娘の一言にほんまは泣きそうになった。
何度も言うけど、普段そんなこと言えるタイプじゃないこと知ってるから。
でも今日は何があってもオンナの前で涙をみせることだけはしまいと心に決めてきた。
あくまで妻という正当なスタンスから話をする以上、たとえ
翻弄され泣き笑いしてる昨今が事実で、それを既に知られていたとしても、元凶である当の本人の前でわざわざ見せて憐れみを買うなんてのはプライドが許さん。

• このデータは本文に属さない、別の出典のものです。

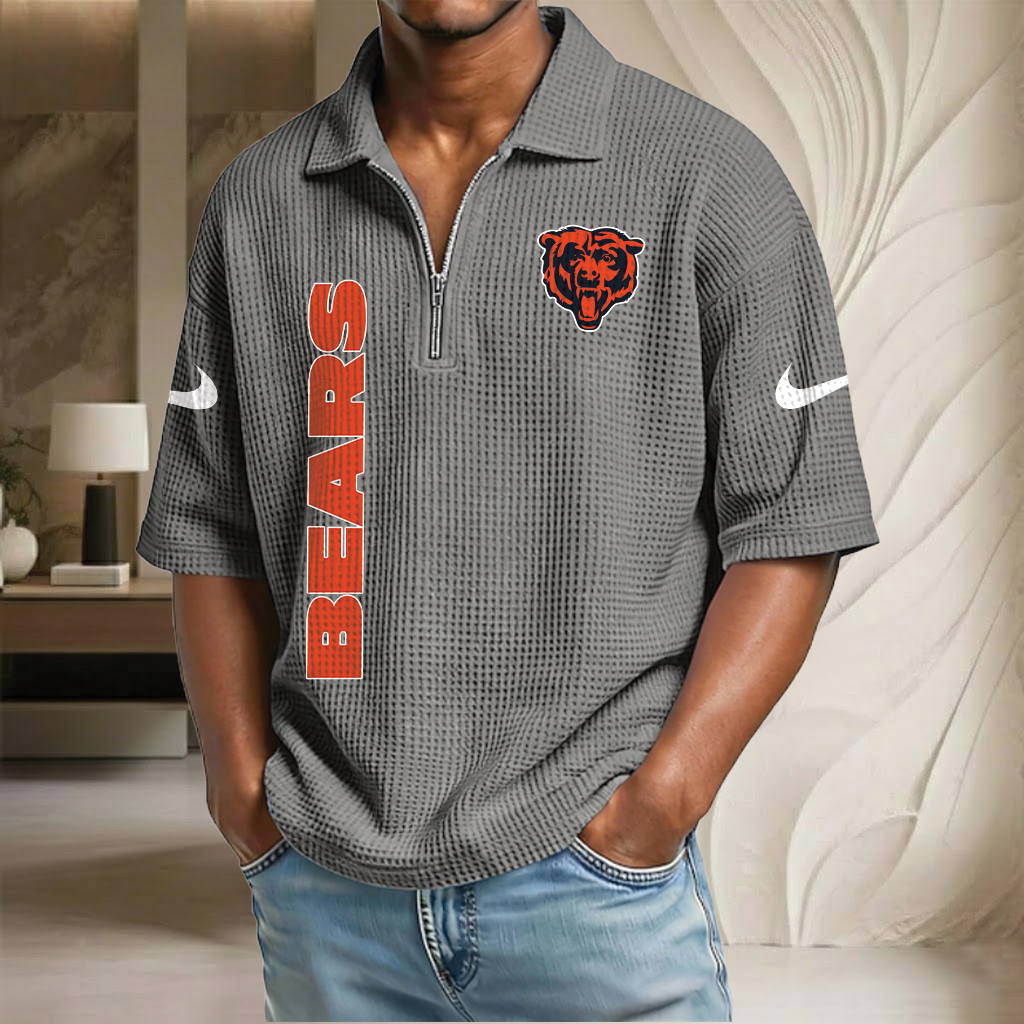 NFL x CHI Waffle Half-Zip Polo Shirt HLP 070326 HLPHUONG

それがたとえ首輪つける為の演技だとしても、ここは違う、後々絶対後悔するとおもったから必死に堪えてた。
『はい。約束します。』
素直に頷いたA菜に対して凛として頷いただけのヒメが誇らしかった。
だからかな
最終目標をすんなり言えた。
『それじゃ、
今のことを紙面に残してくれる?それをお護り代わりに持っておきたいから。勿論誰にも見せない。これはあくまで私の気持ちの問題やから。
お願いしてもいい?』
少し間があって、カバンからノートとボールペンを取り出し
さらさらと書き始めた。
〇〇さんとは会社以外では会いません。〇〇さんが参加してる飲み会には行きません。
2019 08 29
〇〇A菜
『これでいいでしょうか?』
『ありがとう。
これでこれからゆっくり眠れるわ。』
まる文字で
書かれた短い文章。
確認してバックにしまった。
終わった。
気持ちも確認したし、釘も刺した。連絡先も交換したし、会わないと誓約した紙面も残した。
全て言質もとれてるはずやし。
今やれることはやったはず。
これで約束違えたらどうなるかガキでも既婚者なら少しは想像つくはず。
しかもこれが初めてじゃないのなら。
そんな激甘なことを考えて
その時はそれで別れた。
店出たら外は真っ暗だった。
やりきった感で力抜けて
どの道でどう帰ったかあんま覚えてない。
でもペダルを踏む足取りは軽快でお月さんが綺麗だったのだけは覚えてる。
信号待ちで携帯を見ると、21時前、奴から何度も着信が入ってる。かけ直そうとしたその時、またすぐ着信が鳴った。
思わず娘と顔を合わせ電話をとる。
出た瞬間受話の向こうから烈火のごとくブチ切れた怒号が飛んできた。